🤖 AI Summary
In federated learning (FL), continual instruction tuning of large language models faces critical challenges: clients dynamically receive new tasks, exhibit extreme data heterogeneity, and operate under strict memory constraints—leading to catastrophic forgetting. To address this, we propose the first FL-oriented continual instruction tuning framework. Our method introduces (1) a dynamic knowledge organization mechanism that enables incremental cross-task knowledge integration, and (2) subspace-selective activation, which achieves multi-task parameter isolation to preserve task-specific inference capabilities. Evaluated across 12 instruction-following datasets under four heterogeneous FL settings, our framework significantly mitigates forgetting and achieves state-of-the-art performance across all major metrics.

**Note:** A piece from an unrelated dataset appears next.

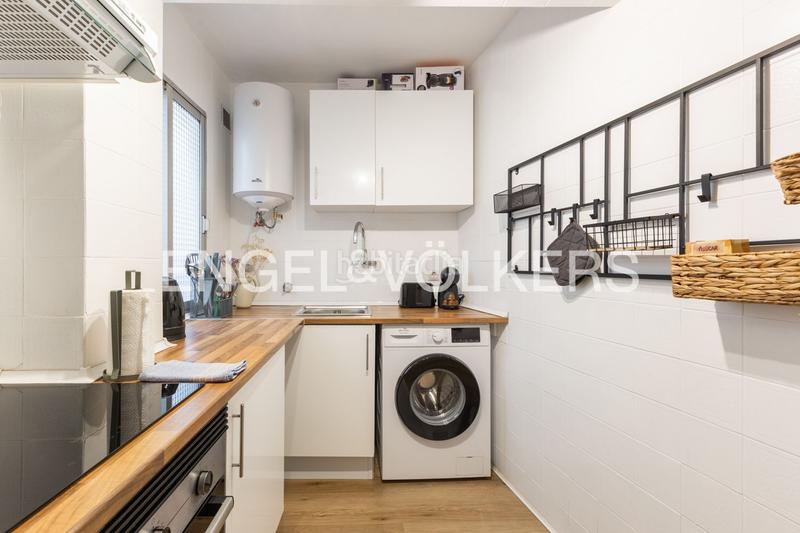 Foto 1bd54ef1-3582-429a-84a0-cf385ff4059f. Miete appartement mit heizung in En Corts - Doctor Waksman Valencia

To foster reproducibility and community advancement, we will publicly release both the source code and a comprehensive benchmark suite.
📝 Abstract
A vast amount of instruction tuning data is crucial for the impressive performance of Large Multimodal Models (LMMs), but the associated computational costs and data collection demands during supervised fine-tuning make it impractical for most researchers. Federated learning (FL) has the potential to leverage all distributed data and training resources to reduce the overhead of joint training. However, most existing methods assume a fixed number of tasks, while in real-world scenarios, clients continuously encounter new knowledge and often struggle to retain old tasks due to memory constraints. In this work, we introduce the Federated Continual Instruction Tuning (FCIT) benchmark to model this real-world challenge. Our benchmark includes two realistic scenarios, encompassing four different settings and twelve carefully curated instruction tuning datasets. To address the challenges posed by FCIT, we propose dynamic knowledge organization to effectively integrate updates from different tasks during training and subspace selective activation to allocate task-specific output during inference. Extensive experimental results demonstrate that our proposed method significantly enhances model performance across varying levels of data heterogeneity and catastrophic forgetting. Our source code and dataset will be made publicly available.